Everything in the listing below must be set down again exactly, apart from the pictures.

Data segment -
□ □ □ □

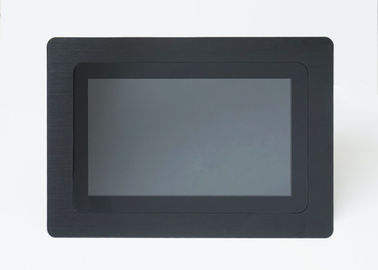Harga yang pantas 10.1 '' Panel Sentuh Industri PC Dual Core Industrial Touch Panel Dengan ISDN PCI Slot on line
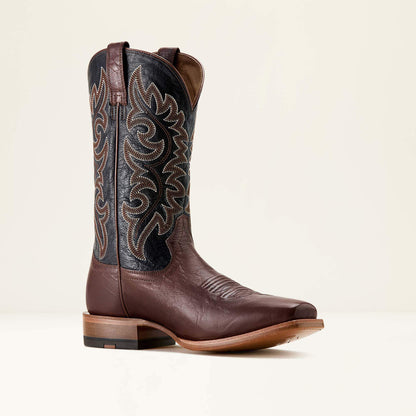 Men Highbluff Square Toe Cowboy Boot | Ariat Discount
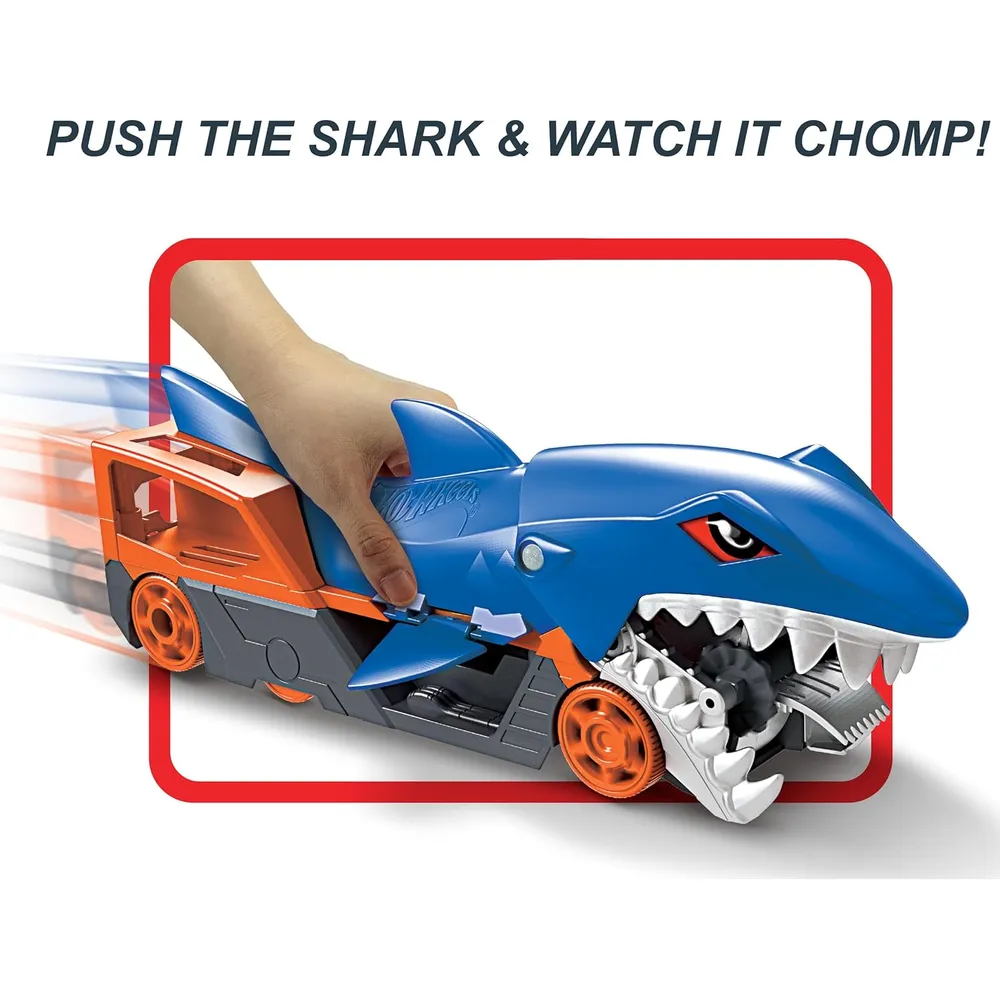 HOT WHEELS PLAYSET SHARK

□ □ □ □

Task solution -
Harga yang pantas 10.1 '' Panel Sentuh Industri PC Dual Core Industrial Touch Panel Dengan ISDN PCI Slot on line
 Men Highbluff Square Toe Cowboy Boot | Ariat Discount
 HOT WHEELS PLAYSET SHARK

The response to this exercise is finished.